RÉCITAL EMPHATIQUE
Article
publié dans la Lettre n° 340
du
30 avril 2012
RÉCITAL EMPHATIQUE. Mise en scène
et interprétation Michel Fau. Accompagnement au piano Mathieu El
Fassi.
Femme jusqu’au bout des ongles, la diva fait son entrée. Elle ménage
son effet, jauge son public et sa capacité à le séduire puis se
lance, toute de voiles vêtue et après une longue concentration,
dans la « Danse des Prêtresses de Dagon », extraite de Samson
et Dalila de Camille Saint-Saëns. L’ombre d’Isadora Duncan plane.
Suivent le fort émouvant « Mon coeur s’ouvre à ta voix » puis «
Bacchanale ». Petits pas, petits sauts, effets de voile, jeu de
mains et quelques roulades terminent cette première partie.
Si l’intermède est nécessaire au changement de costume, il permet
au public d’apprécier le jeu subtil et sensible de Mathieu El Fassi
dans une improvisation classique tout à fait remarquable.

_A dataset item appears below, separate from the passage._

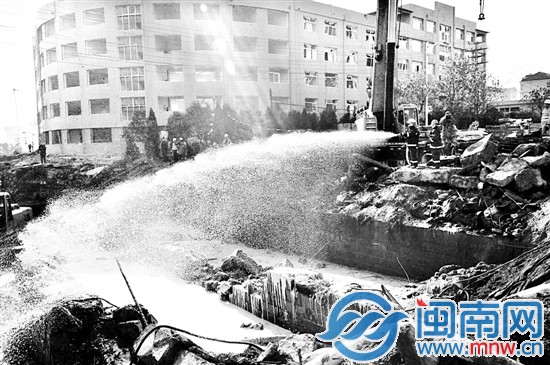 青岛输油管道爆炸案遇难人数增至55人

Notre Castafiore a troqué ses voiles pour un ensemble plus
moulant et se transforme en tragédienne. Elle s’attaque au très
célèbre monologue de Phèdre: « Mon mal vient de plus loin
» et en donne quatre versions: une interprétation classique à la
Sarah Bernhardt, une seconde plus à la source de la création de
l’œuvre, puis une troisième, moderne et très véhémente. La dernière,
chuchotée, est particulièrement réussie. Après « Tristes apprêts
», extrait de Castor et Pollux de Jean-Philippe Rameau et
une transition à peine marquée, le temps de revêtir un imperméable,
notre caméléon restitue un passage de l’Amant, revisité bien
sûr. Le fou rire gagne le public qui jusqu’ici s’esclaffait. La
comédienne cède ensuite la place à la chanteuse de jazz avec le
célèbre « Summertime». Ultime retour en arrière avec l’incontournable
« Carmen ». La diva joue les femmes fatales: « L’amour est un oiseau
rebelle », c’est bien connu.
La salle ovationne ce Récital Emphatique qui devient empathique
car elle réclame un bis. L’artiste se fait un peu prier selon les
us et coutumes et propose une mélodie extrêmement engagée:
« Je ne veux pas », suivie d’une chanson toute simple: « Ma tante
Amélie m’avait bien promis », (on ne vous dira pas quoi) ! Une chose
un peu expérimentale mais ardue, met un terme définitif à
sa prestation. La chanson « Comme un ouragan », requiert en effet
l’utilisation de la partition...
Elle, c’est bien sûr Michel Fau, metteur en scène et interprète
génial de ce récital. Saluons au passage l’habileté de David Belugou
pour les robes et l’adresse de Pascale Fau pour les maquillages.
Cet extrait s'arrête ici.